Analysis by local authority and private sector lawyers brings a broad perspective to a potential piece of work, meaning that those who work together in a partnering approach are good at identifying the most effective way of completing work and at writing convincing proposals. A law firm will have experience of tendering for work and acting on many different local authority matters, whilst a local authority will have political awareness and empathy from working directly within local government. These attributes can be used throughout the delivery of a project and the pooling of resources can help achieve efficient delivery and competitive pricing. Many clients not expect added value from providers of legal services. The partnering approach allows organisations to combine their skills and resources to provide added value services, which reduces the demand on each individual organisation and increases the impact of the services. Public and private sector lawyers work together as one team, ultimately achieving the best possible results for the team’s clients.

Geldards and Sheffield City Council developed our partnering approach after recognising that each organisation had something to offer the other. We have worked together on a range of initiatives.
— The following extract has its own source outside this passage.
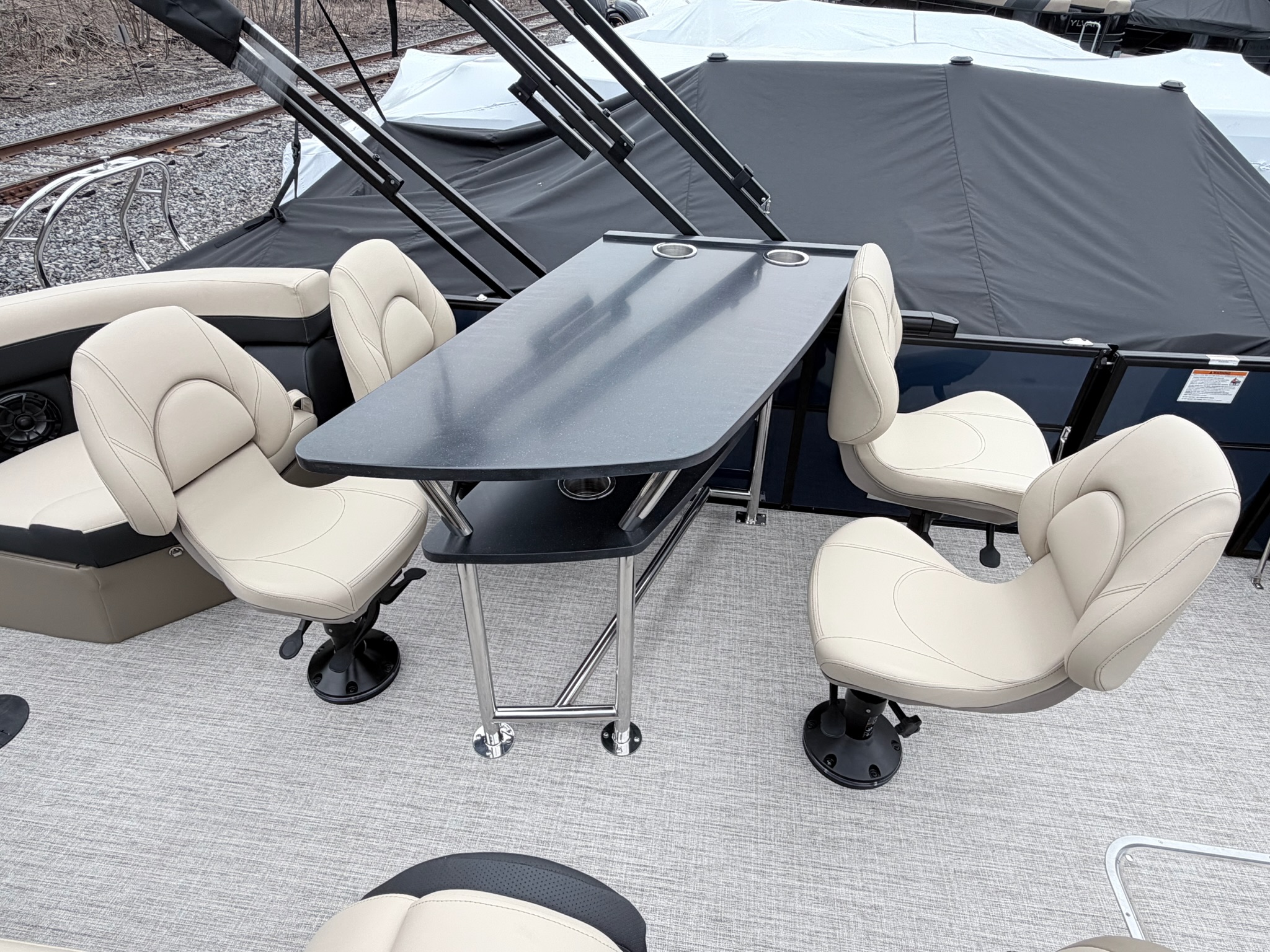 New 2026 Skeeter ZXE21, 17815 Bloomsburg - Boat Trader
So far our focus has been on tendering for appointment to frameworks, which will give us a wide range of opportunities to work together on particular instructions in the future. We succeeded in being appointed to a regional framework which provides us with immediate access to work with six councils and a combined authority, as well as the potential for other public bodies to become customers on the framework. We produced our tender in recognition of the relative strengths of each of us in different areas, with each body named as the main supplier for some lots and the other in a supporting role. Since appointment we have been planning how to co-ordinate our efforts to win as much work as possible and to deliver as efficiently as possible the added value services required of us.

Our first added value offering was training provided by officers from Sheffield City Council, bringing insight from their experience of school exclusions. On other occasions, we have delivered training together, so giving local authority attendees the benefit of our combined expertise and experience. We have also given presentations and published articles together. Both Geldards and Sheffield have contributed legal detail and we have given a breadth of views, drawing on our combined experience.

For example, when we gave presentations on income generation by local authorities, one question of interest to local authorities has been how to interest and engage members in income generation activities. Geldards has contributed legal detail and comments on strategy and, as well as this, Sheffield has provided practical insight into the approach it has taken in its own activities.

Anyone listening to our presentations will have received a comprehensive overview of the legal issues and a helpful steer on the practical issues. We have found this approach to really resonate with the public sector.

As well as working together formally to complete client work and pursue business development, the relationship is such that we have regular contact with each other whenever we have something useful to share or need help from each other.

This approach is suitable for any type of services but it will be particularly effective when a client is seeking assistance with several different needs. For example, the Geldards/Sheffield arrangement enabled both organisations to be appointed to a framework to deliver a wide range of specialisms and to share the responsibility for leading on these. Geldards is leading on contracts and commercial law, highways and environment and local government law and corporate governance, whilst Sheffield City Council leads on childcare, adult social services and community law, general litigation and employment and pensions. Both Geldards and Sheffield City Council feel they have gained from the relationship and are keen to continue working together. Geldards has commented that its lawyers enjoy working with the council’s officers and have learned from them. Geldards considers that the working arrangements have allowed both organisations to offer excellent services to local authorities.

As a metropolitan district council and a core city, the council covers the full range of local authority legal work but has found that working with Geldards brings additional insight and experience. The skills and insight of each organisation complement each other, enabling them to provide a fully rounded and competitive offer.